Pd-1 Blockade And Vaccination Provide Therapeutic Benefit Against Siv By Inducing Broad And Functional Cd8(+) T Cells In Lymphoid Tissue

During antiretroviral therapy (ART), most of the human immunodeficiency virus (HIV) reservoirs persist in the B cell follicles (BCFs) of lymphoid tissue.

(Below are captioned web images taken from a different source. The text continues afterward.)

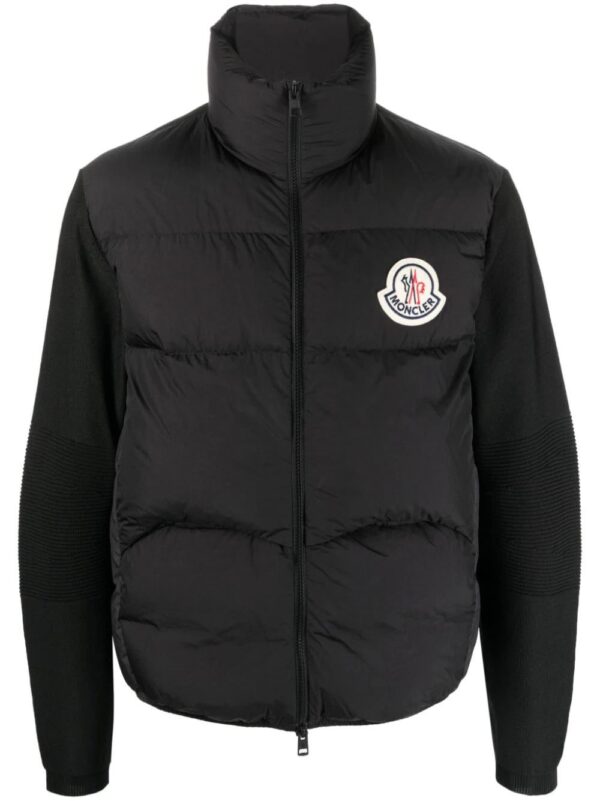 Moncler  logo-patch puffer jacket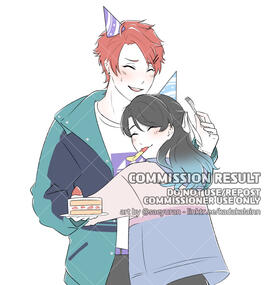 colored sketch - waist up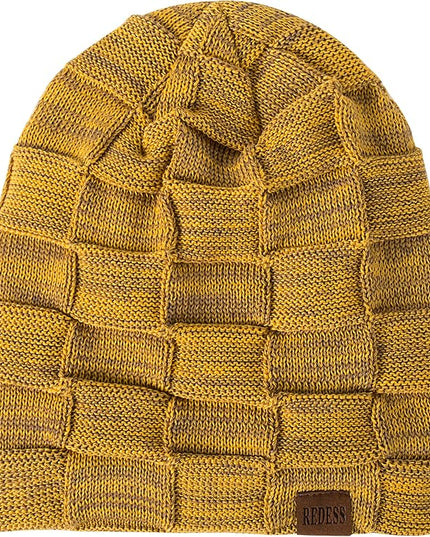 REDESS Beanie Hat for Men and Women Winter Warm Hats Knit Slouchy Thick Skull Cap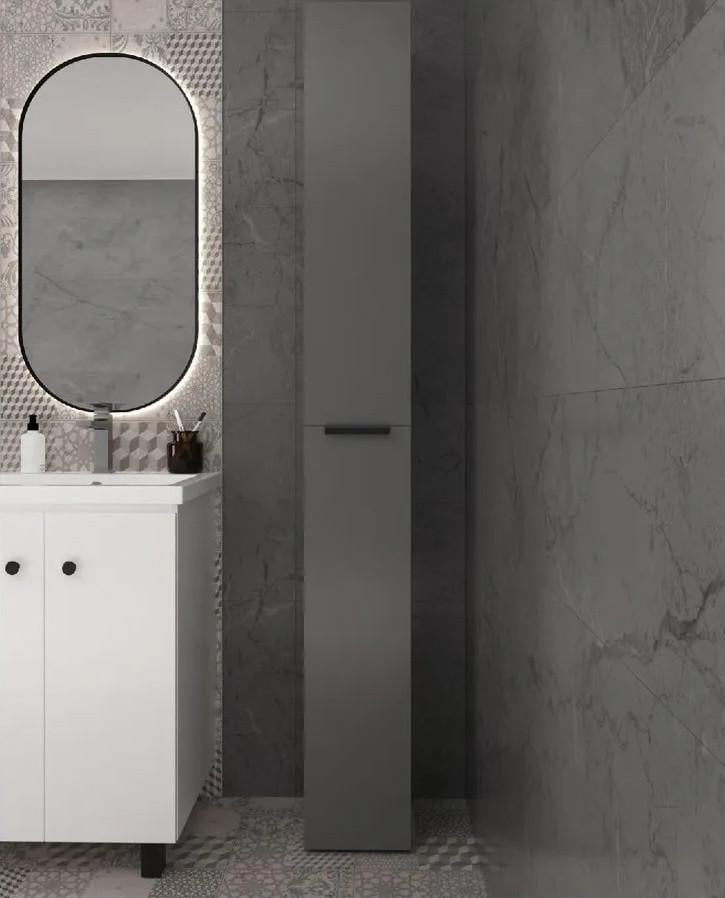 Шафа для ванної ШВК-34 Антрацит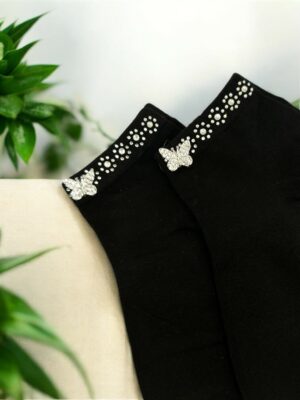 Κάλτσες με Μικρή Πεταλούδα Elegant Shine<br/><small class="dmm_sku">Κωδικός προϊόντος: 8523-μαυρο</small>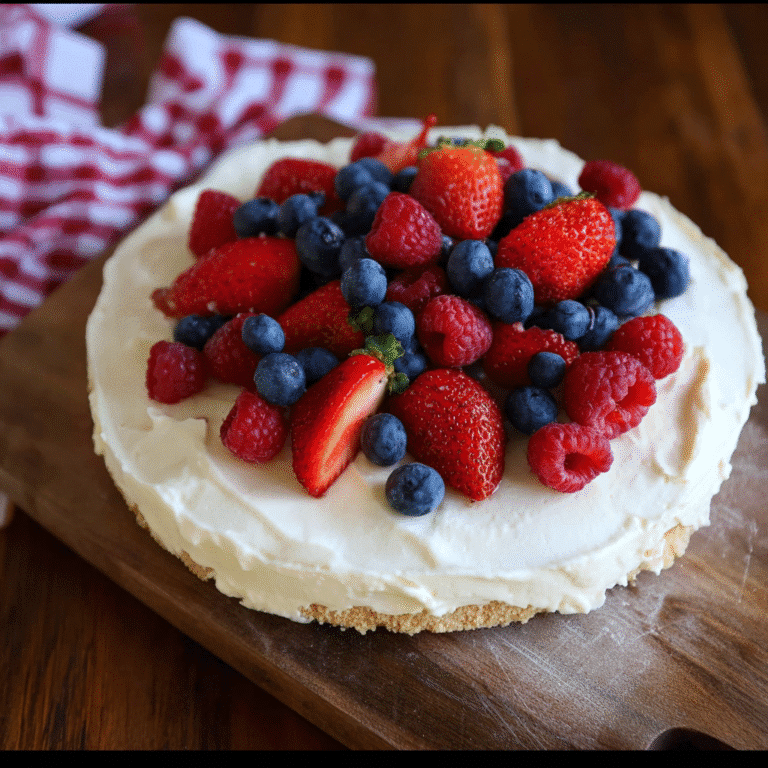 no bake cheesecake with ricotta cheese on wooden table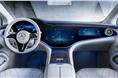 Mercedes Benz EQS interior dashboard 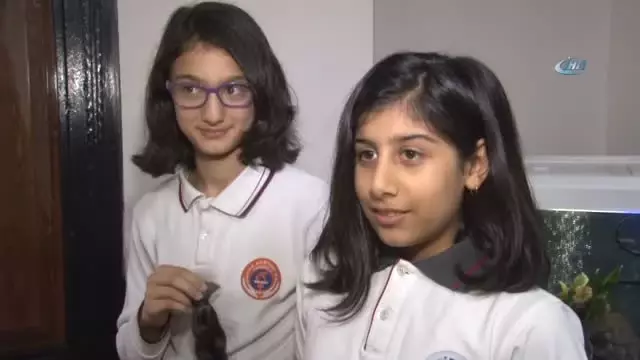 Altın Kalpli Kızlar Kamu Spotundan Etkilenerek Saçlarını Kestirip Lösemili Çocuklara Bağışladılar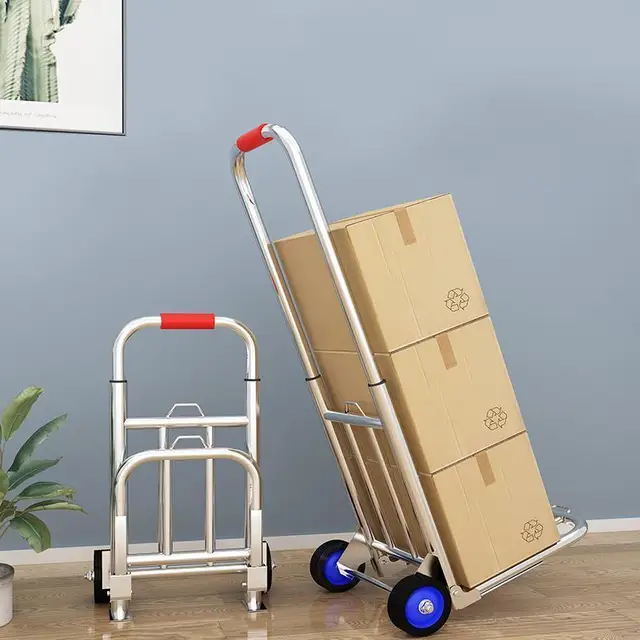 Frissített Fejlett Bevásárlókocsik, Élelmiszerbolt, Nagy Teherbírású Kis Háztartás Összecsukható Hordozható Poggyász - Image 3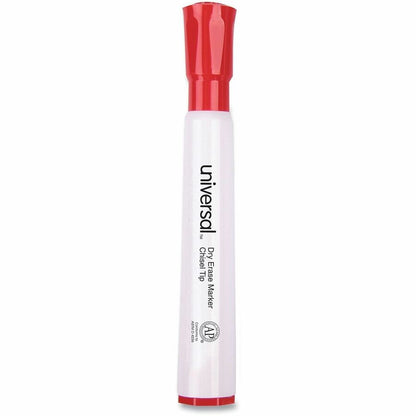 Universal Dry Erase Marker - Erasable - Red Ink - Dry - Glass, General Purpose, Classroom, Home, Office - 12 / Dozen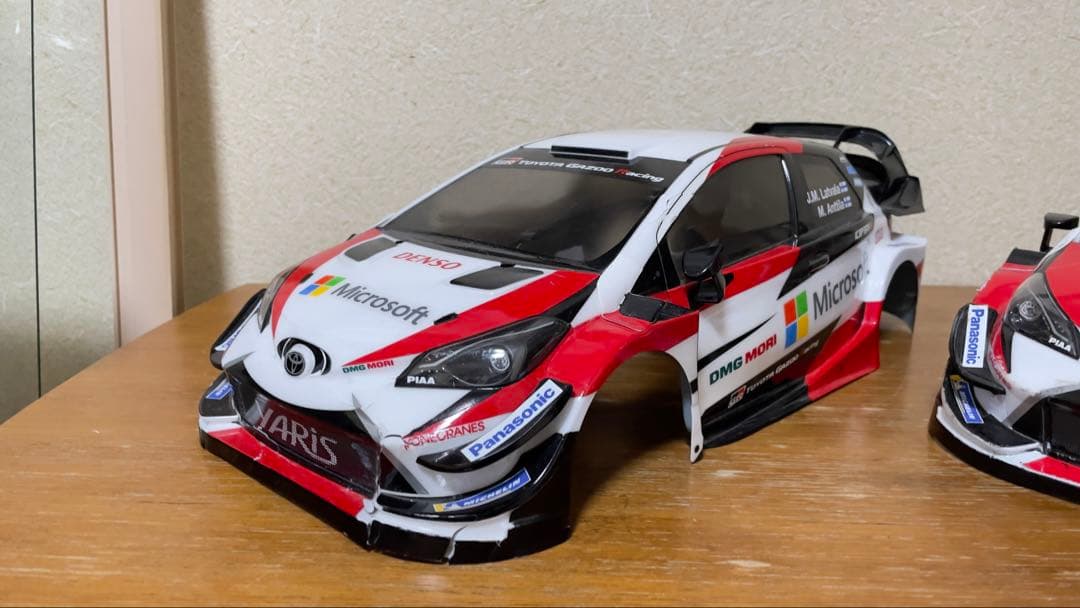 タミヤ ヤリスWRC 1/10 ボディ　トヨタ TT-02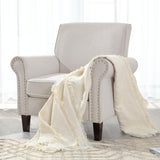 PrimeZone Comfy Accent Chair, Mid-Century Modern Fabric Living Room Chair Reading Chair with Soft Cushion, Nailhead Trim & Rolled Armrest, Arm Chair Sofa Chair for Bedroom Waiting Room Office, Beige PrimeZone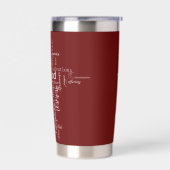 Christelijke woorden kruisen gepersonaliseerd geïsoleerde drinkbeker (Links)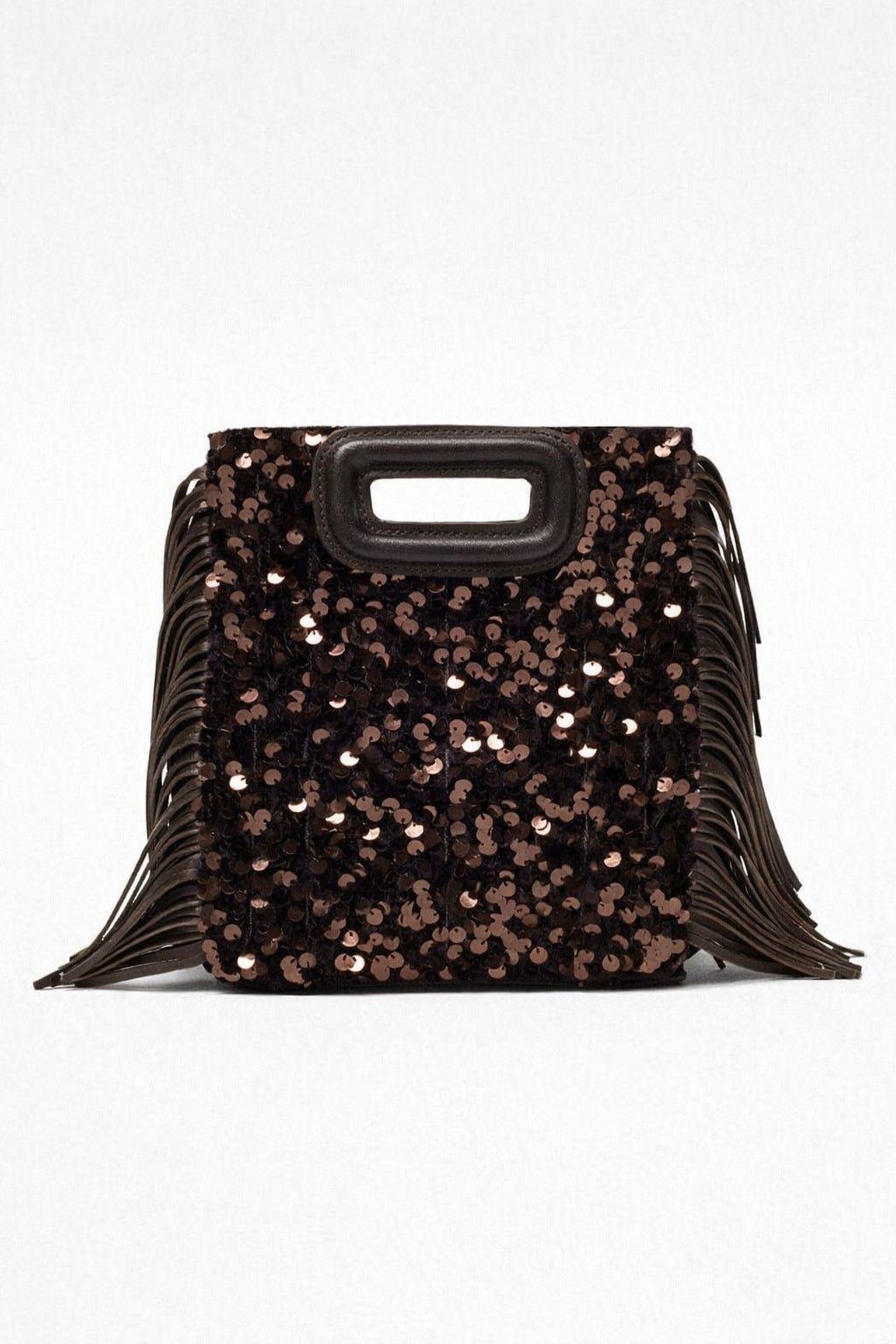 Fransierter Pailletten Clutch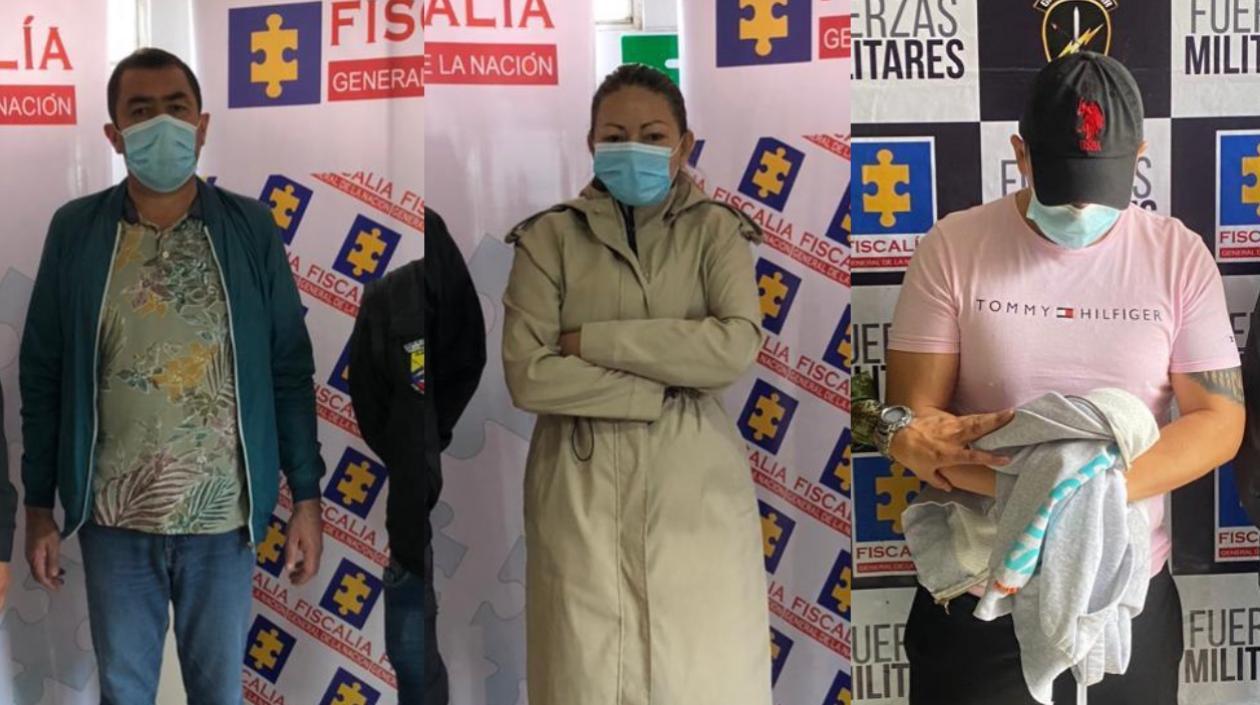 Una fiscal de la Dirección Especializada contra el Lavado de Activos presentó a los detenidos ante un juez de control de garantías.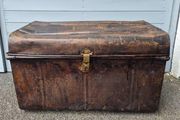 Vintage Metal Chest Trunk Box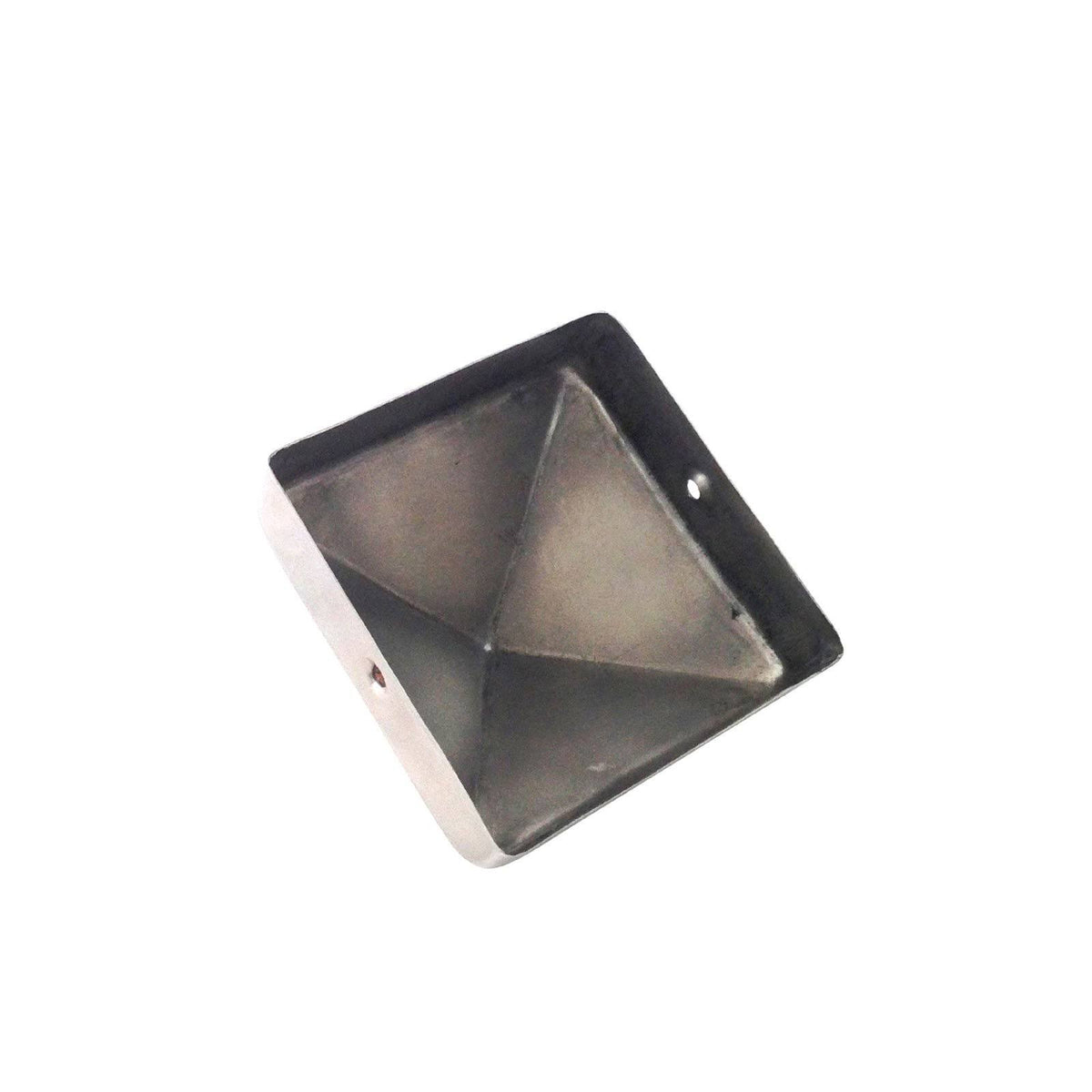 8 in. x 8 in. Stainless Steel Fence Post Cap I557677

Thus, for HIV cure strategies, it is critical to generate cytolytic CD8(+) T cells that home to BCF, reduce the reservoir burden, and maintain strong antiviral responses in the absence of ART. Here, using a chronic simian immunodeficiency virus (SIV)/rhesus macaque model, we showed that therapeutic vaccination under ART using a CD40L plus TLR7 agonist-adjuvanted DNA/modified vaccinia Ankara vaccine regimen induced robust and highly functional, SIV-specific CD4(+) and CD8(+) T cell responses. In addition, the vaccination induced SIV-specific CD8(+) T cells in the lymph nodes (LNs) that could home to BCF. Administration of PD-1 blockade before initiation of ART and during vaccination markedly increased the frequency of granzyme B+ perforin(+) CD8(+) T cells in the blood and LN, enhanced their localization in germinal centers of BCF, and reduced the viral reservoir. After ART interruption, the vaccine + anti-PD-1 antibody-treated animals, compared with the vaccine alone and ART alone control animals, displayed preservation of the granzyme B+ CD8(+) T cells in the T cell zone and BCF of LN, maintained high SIV antigen-recognition breadth, showed control of reemerging viremia, and improved survival. Our findings revealed that PD-1 blockade enhanced the therapeutic benefits of SIV vaccination by improving and sustaining the function and localization of vaccine-induced CD8(+) T cells to BCF and decreasing viral reservoirs in lymphoid tissue. This work has potential implications for the development of curative HIV strategies.